WASHINGTON | Wed Jan 27, 2010 10:19am EST

WASHINGTON (Reuters) - President Barack Obama, in his State of the Union speech on Wednesday, is expected to signal resolve to tame U.S. budget deficits which hover at levels not seen since World War Two.

Among his ideas will be one rejected by the Senate on Tuesday: a bipartisan commission to consider unpopular measures like tax hikes or spending cuts to get deficits under control.

Meanwhile, conservative Democrats in the House of Representatives have said they will push a variety of other measures that could return budgets to a sustainable level.

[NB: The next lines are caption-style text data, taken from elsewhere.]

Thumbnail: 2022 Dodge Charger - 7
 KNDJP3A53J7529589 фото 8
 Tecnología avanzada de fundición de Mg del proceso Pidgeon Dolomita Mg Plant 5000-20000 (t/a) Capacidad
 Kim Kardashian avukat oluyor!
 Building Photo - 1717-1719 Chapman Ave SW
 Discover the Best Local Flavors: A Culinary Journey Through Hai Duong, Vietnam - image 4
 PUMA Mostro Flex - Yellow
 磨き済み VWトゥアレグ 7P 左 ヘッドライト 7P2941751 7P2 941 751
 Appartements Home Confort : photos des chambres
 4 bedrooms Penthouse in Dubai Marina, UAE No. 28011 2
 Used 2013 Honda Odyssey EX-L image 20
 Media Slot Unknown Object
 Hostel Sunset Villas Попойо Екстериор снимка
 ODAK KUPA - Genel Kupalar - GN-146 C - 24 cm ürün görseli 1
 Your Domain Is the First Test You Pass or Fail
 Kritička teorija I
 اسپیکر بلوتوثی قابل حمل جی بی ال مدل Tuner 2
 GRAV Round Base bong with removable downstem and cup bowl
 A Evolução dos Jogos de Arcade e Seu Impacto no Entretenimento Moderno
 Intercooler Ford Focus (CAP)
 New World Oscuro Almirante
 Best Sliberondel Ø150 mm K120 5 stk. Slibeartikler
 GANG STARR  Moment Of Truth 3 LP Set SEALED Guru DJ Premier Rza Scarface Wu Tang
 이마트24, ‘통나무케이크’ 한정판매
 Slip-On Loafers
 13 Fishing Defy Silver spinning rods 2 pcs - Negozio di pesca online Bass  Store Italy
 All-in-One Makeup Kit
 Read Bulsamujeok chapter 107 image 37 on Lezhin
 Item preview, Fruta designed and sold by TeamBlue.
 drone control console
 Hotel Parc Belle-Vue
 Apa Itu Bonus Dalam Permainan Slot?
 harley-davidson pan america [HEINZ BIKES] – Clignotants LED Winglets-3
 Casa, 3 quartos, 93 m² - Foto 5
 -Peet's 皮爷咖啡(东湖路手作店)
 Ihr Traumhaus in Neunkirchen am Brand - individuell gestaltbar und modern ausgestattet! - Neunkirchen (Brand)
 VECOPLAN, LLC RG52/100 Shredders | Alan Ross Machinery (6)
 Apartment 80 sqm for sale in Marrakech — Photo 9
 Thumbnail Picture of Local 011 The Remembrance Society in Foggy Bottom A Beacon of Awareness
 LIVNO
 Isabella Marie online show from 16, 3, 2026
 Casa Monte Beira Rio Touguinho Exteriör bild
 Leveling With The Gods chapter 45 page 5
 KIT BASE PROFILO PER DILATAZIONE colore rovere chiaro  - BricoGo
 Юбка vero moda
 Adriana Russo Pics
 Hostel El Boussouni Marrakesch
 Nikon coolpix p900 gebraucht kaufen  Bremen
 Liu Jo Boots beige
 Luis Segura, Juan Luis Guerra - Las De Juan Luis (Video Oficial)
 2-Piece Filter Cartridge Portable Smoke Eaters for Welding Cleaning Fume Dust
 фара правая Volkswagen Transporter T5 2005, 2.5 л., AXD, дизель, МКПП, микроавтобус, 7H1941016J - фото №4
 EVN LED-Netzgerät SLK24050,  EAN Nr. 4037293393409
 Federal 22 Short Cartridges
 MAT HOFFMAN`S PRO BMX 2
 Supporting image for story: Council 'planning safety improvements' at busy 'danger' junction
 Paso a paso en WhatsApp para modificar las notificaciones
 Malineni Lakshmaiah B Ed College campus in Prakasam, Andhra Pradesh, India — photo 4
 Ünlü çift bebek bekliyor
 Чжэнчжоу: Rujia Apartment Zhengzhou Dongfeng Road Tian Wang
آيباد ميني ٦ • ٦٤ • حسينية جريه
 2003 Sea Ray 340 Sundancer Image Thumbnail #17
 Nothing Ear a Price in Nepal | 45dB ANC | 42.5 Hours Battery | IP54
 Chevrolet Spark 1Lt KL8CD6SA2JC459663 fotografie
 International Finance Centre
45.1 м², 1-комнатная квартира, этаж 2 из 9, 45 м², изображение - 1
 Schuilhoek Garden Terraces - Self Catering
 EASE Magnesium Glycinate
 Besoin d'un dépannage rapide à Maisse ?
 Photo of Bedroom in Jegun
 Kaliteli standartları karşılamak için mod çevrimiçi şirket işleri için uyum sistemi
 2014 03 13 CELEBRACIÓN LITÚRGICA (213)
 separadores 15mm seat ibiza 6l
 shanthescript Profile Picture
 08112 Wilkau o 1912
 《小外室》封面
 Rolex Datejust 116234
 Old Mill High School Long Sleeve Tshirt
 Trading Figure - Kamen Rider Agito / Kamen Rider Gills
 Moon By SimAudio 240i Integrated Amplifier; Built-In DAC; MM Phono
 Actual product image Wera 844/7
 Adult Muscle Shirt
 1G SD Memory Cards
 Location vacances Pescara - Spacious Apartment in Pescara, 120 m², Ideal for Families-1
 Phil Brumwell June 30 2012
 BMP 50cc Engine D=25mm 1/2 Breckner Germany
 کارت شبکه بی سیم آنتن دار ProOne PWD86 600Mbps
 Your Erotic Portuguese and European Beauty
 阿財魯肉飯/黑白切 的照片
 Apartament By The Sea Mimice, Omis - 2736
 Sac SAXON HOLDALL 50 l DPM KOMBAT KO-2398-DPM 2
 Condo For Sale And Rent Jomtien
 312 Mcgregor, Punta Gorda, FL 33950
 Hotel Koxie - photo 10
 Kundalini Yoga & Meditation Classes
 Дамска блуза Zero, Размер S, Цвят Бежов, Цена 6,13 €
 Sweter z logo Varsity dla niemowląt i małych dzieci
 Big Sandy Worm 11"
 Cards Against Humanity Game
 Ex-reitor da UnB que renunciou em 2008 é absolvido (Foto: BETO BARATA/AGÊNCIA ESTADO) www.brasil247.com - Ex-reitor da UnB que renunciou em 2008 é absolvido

Experts say the time is ripe for such efforts, before investors lose confidence in U.S. debt and force up interest rates. But many wonder whether Washington has the stomach for the remedies needed, or the willingness to work across party lines in a highly charged election year.

WHAT IS THE PROBLEM?

U.S. debt has more than doubled over the past decade to $12.27 trillion, thanks to a combination of tax cuts, wars in Iraq and Afghanistan, elevated domestic security spending and the deepest recession since the Great Depression of the 1930s.

The government posted a record $1.4 trillion deficit for the fiscal year ended September 30, 2009, and the nonpartisan Congressional Budget Office projects a deficit of $1.35 trillion for the current fiscal year. Deficits are projected to remain stubbornly high over the coming decade as costs for retirement and healthcare programs rise.

This could spur investors including China, the biggest U.S. foreign creditor, to demand higher rates for Treasury bonds. That would push the government's borrowing costs dramatically higher and crowd out spending in other areas.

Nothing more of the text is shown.